Como não sou crítico de cinema, quis deixar aqui minhas impressões sobre a mensagem do filme. Que os vilões talvez não sejam tão maus, mas apenas injustiçados pela vida. Que o amor verdadeiro existe e, às vezes, parte de onde menos esperamos. Talvez você fique decepcionado com a história, mas não poderá deixar de negar que ela propõe uma grande reflexão.  

Um comentário:

  1. Henrique
    Totalmente válido seu texto. Mas precisamos lembrar que estamos falando de uma vilã construída pelo alicerce Disney. Só por isso, não poderíamos esperar uma história onde o mal reinasse, afinal, esse não é o seguimento da empresa que vive de alimentar os sonhos infantis (mesmo nos adultos).
    Acho muito válido a reconstrução que os cineastas se propõe a fazer dos contos de fadas que até então conhecíamos somente por um ponto de vista. Acho interessante olhar para essas histórias de uma outra maneira. Por isso assisto tudo que fazem em relação a este tema. Acompanho desde campanhas publicitárias, como a da Melissa, que brilhantemente envolveu as histórias infantis com seu produto, e criou umas das campanhas mais bonitas que já vi, até as grandes produções Hollywodianas que recontam essas histórias, como A garota da capa vermelha, Espelho, espelho meu e Malévola, sem esquecer da extraordinária sério Once upon a time.
    Mas voltemos a Malévola:
    Partindo do ponto de vista que o filme é feito para crianças, num mundo onde as crianças aprendem cada vez mais a se tornarem vilãs, uma vez que o materialismo as torna egoístas e mesquinhas, porque não mostrar que uma vilã também tem coração?
    Porque não mostrar que as feridas que nos causam podem sim nos levar por caminhos errados e por decisões incorretas? Claro, ressaltando que sempre é tempo de se arrepender.
    Malévola, assim como todos os filmes da Disney é feito para crianças, mas principalmente para as crianças que já cresceram e que vivem dentro dos adultos que andam por ai a construir esse planeta.
    Pra quem consegue enxergar além do roteiro, avistará uma sublime mensagem de que todos temos direito ao amor, ainda que o coração esteja partido. Avistará a vitória do bem sobre o mal, mas não um mal distante, existente no outro, mas o mal que habita em nós.

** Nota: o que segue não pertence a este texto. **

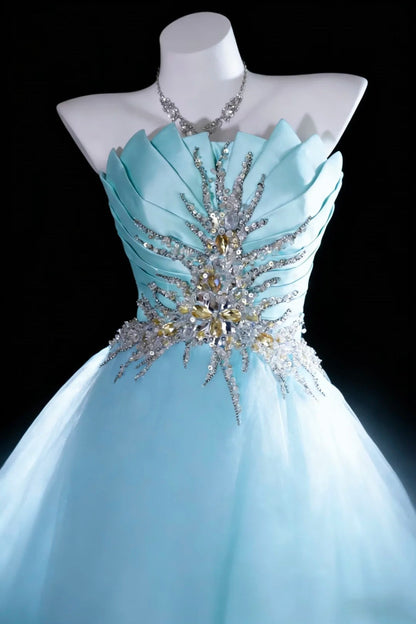 Elegant Ball Gown Light Blue Strapless Pleated Tulle Evening Dress Sweet 16th Dress Birthday Prom Gown       D5413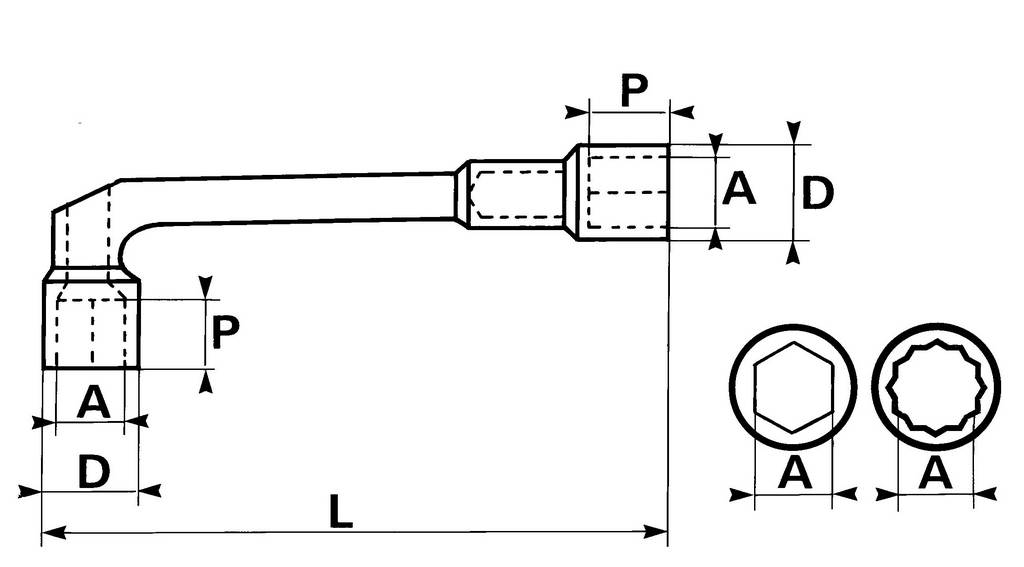 CLE A PIPE DEBOUCHEE 6/12 PANS 8 MM SAM OUTILLAGE - 93SD8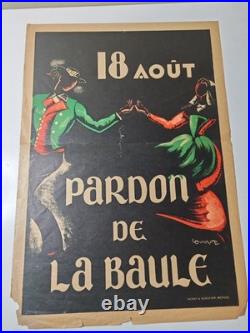 Affiche originale Pardon de La Baule 18 Août Émile Guillaume années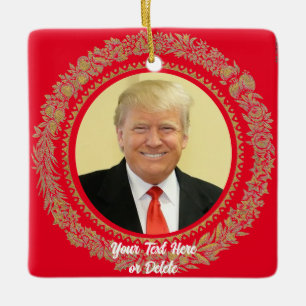 Ornement En Céramique Votre texte/couleur Donald Trump Christmas Wreath 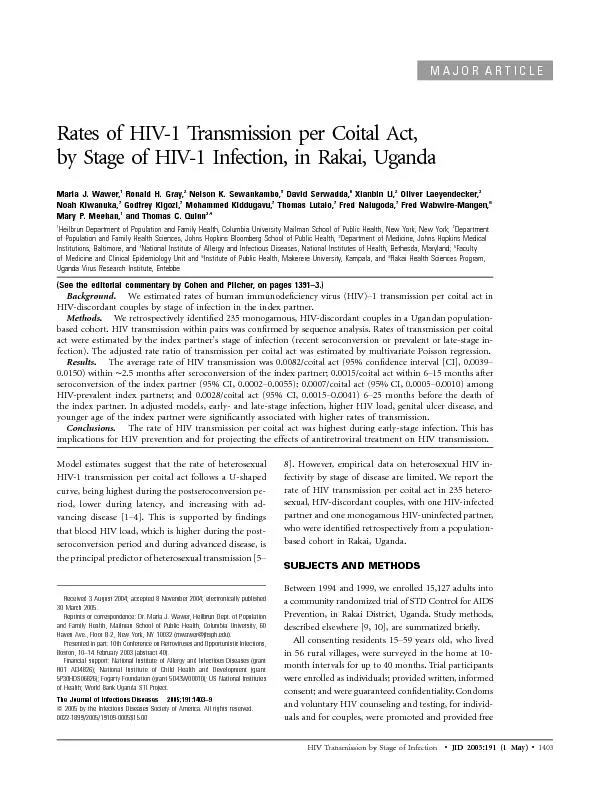 HIVTransmissionbyStageofInfectionJID2005:191(1May)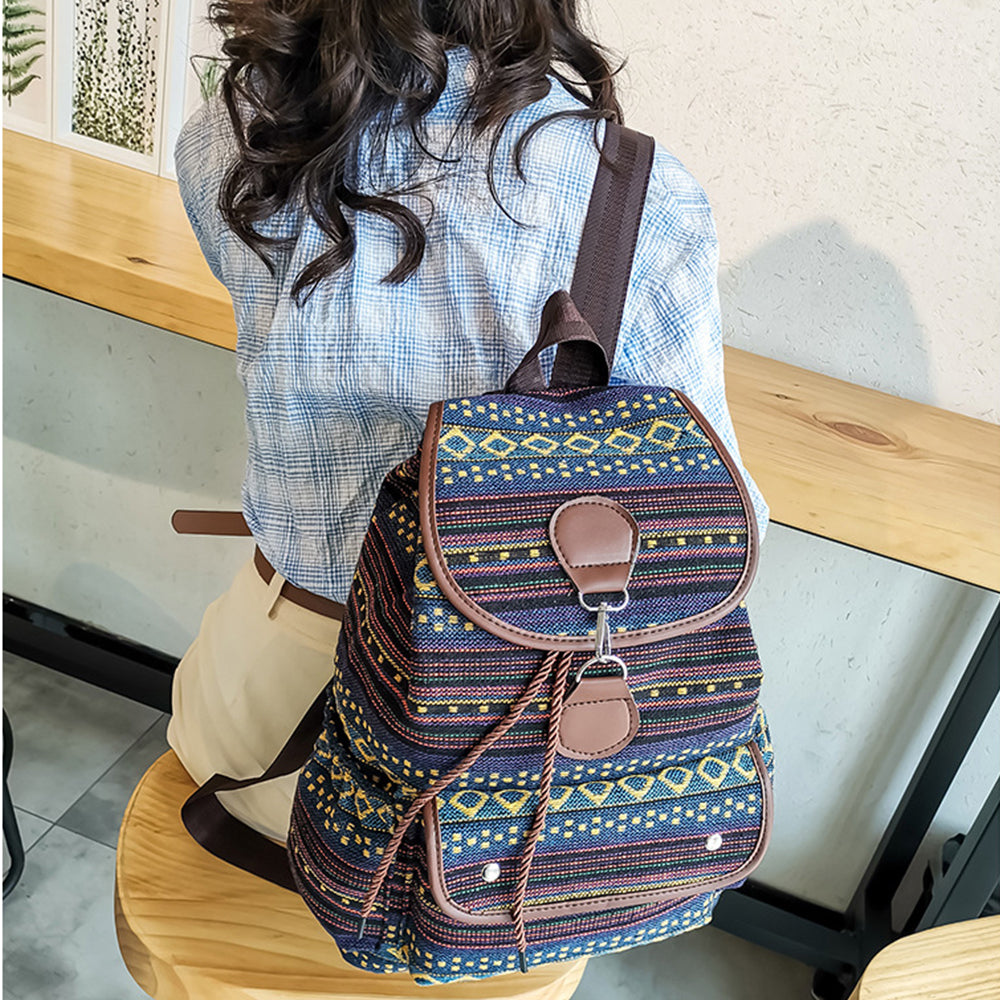 Boho Style Flap Drawstring Backpack Shoulder Bag Outdoor Travel Bag Blue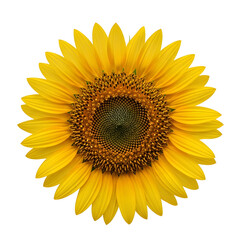 Fototapeta premium Isolated sunflower blossom with black background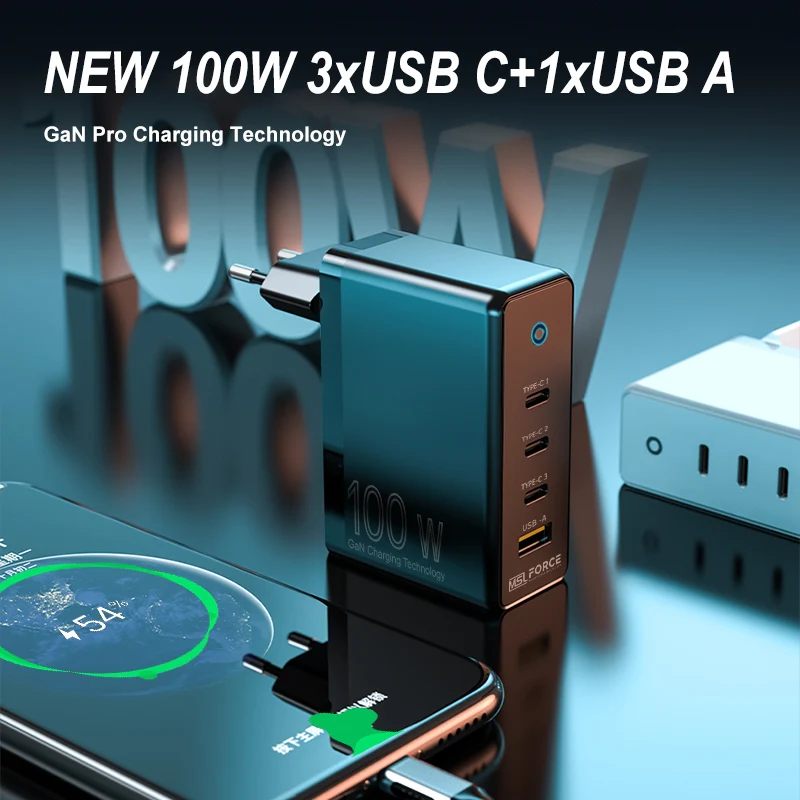 

Зарядное устройство сетевое с USB-портом и поддержкой быстрой зарядки, 100 Вт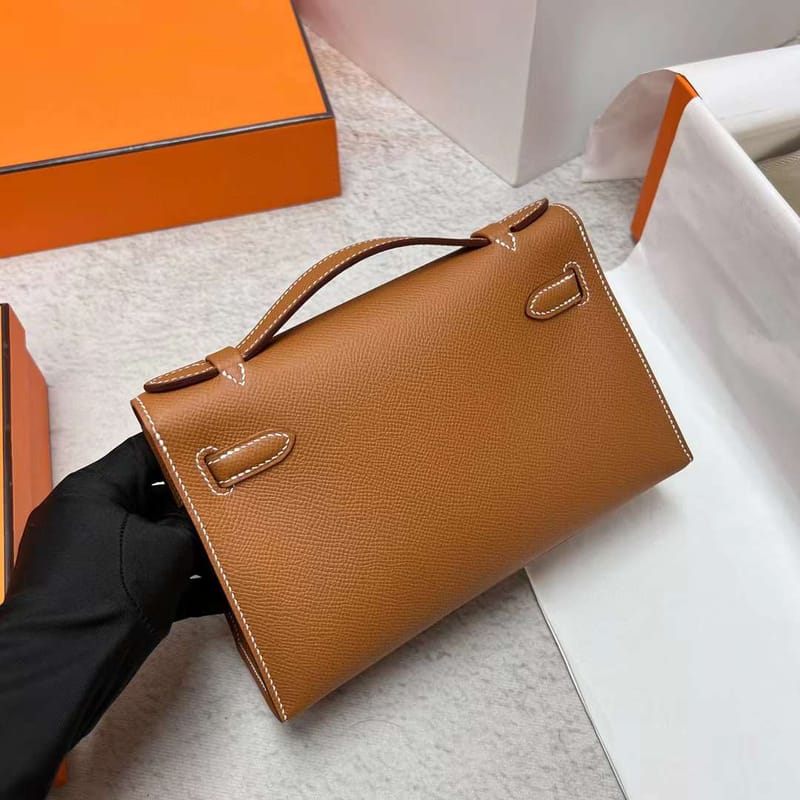 MINI KELLY POCHETTE EPSOM CK37 GOLDEN BROWN GOLD HARDWARE GHW 22CM FULL HANDMADE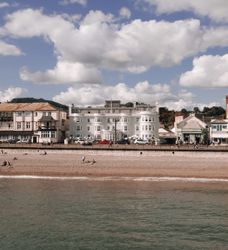Drone view of hotel over sea
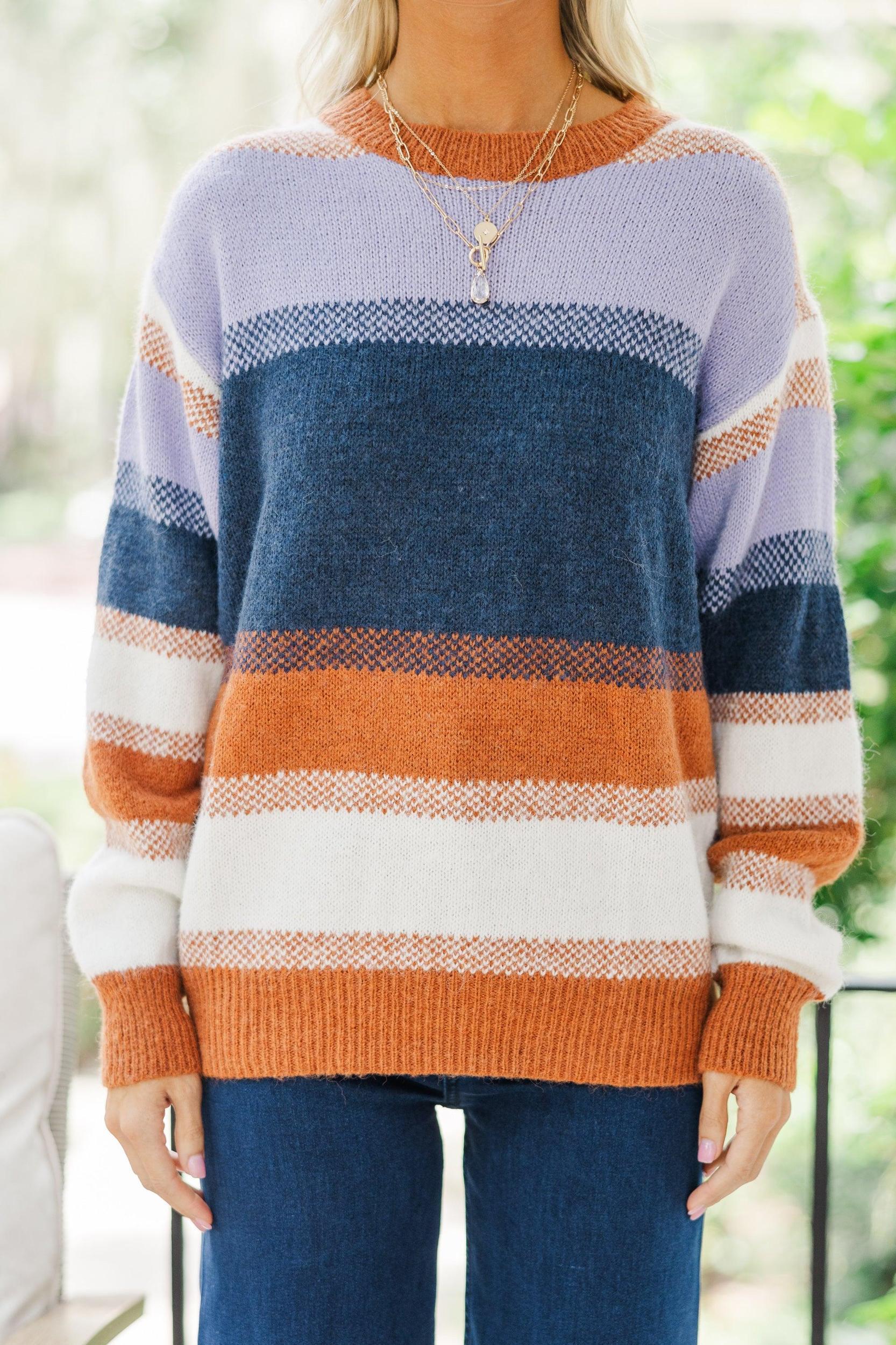 Fell For You Navy Striped Sweater Female Product Image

    Interessante a inversão de valores que você ressaltou muito bem, onde as fadas sentem inveja e onde o rei é tirano. Podemos deduzir disso tudo, o que há muito tempo já sabemos: existe o mau e o bem dentro de nós, independente do que somos ou de onde estejamos. Cabe a cada um escolher qual deles dominará nossas palavras e atitudes.
    Profissionalmente falando, acho o roteiro cheio de falhas, mas humanamente analisando, acho ele cheio de mensagens positivas.
    Jolie fez seu trabalho. Pra mim, sem grandes elogios, um pouco mais do mesmo. Mas acho a tão linda que ainda que entrasse muda e saísse calada, estaria valendo.
    Clássica a cena que surge no batizado da princesa. Mas minha preferida é a que cavalga sobre um cavalo negro, tendo ao fundo um por do sol encantador.
    Final previsível, mas muito válido.
    Acho o filme gostoso de assistir. Os efeitos especiais ganham o telespectador e a história pode agradar sim, desde que se saiba olhar através do óbvio.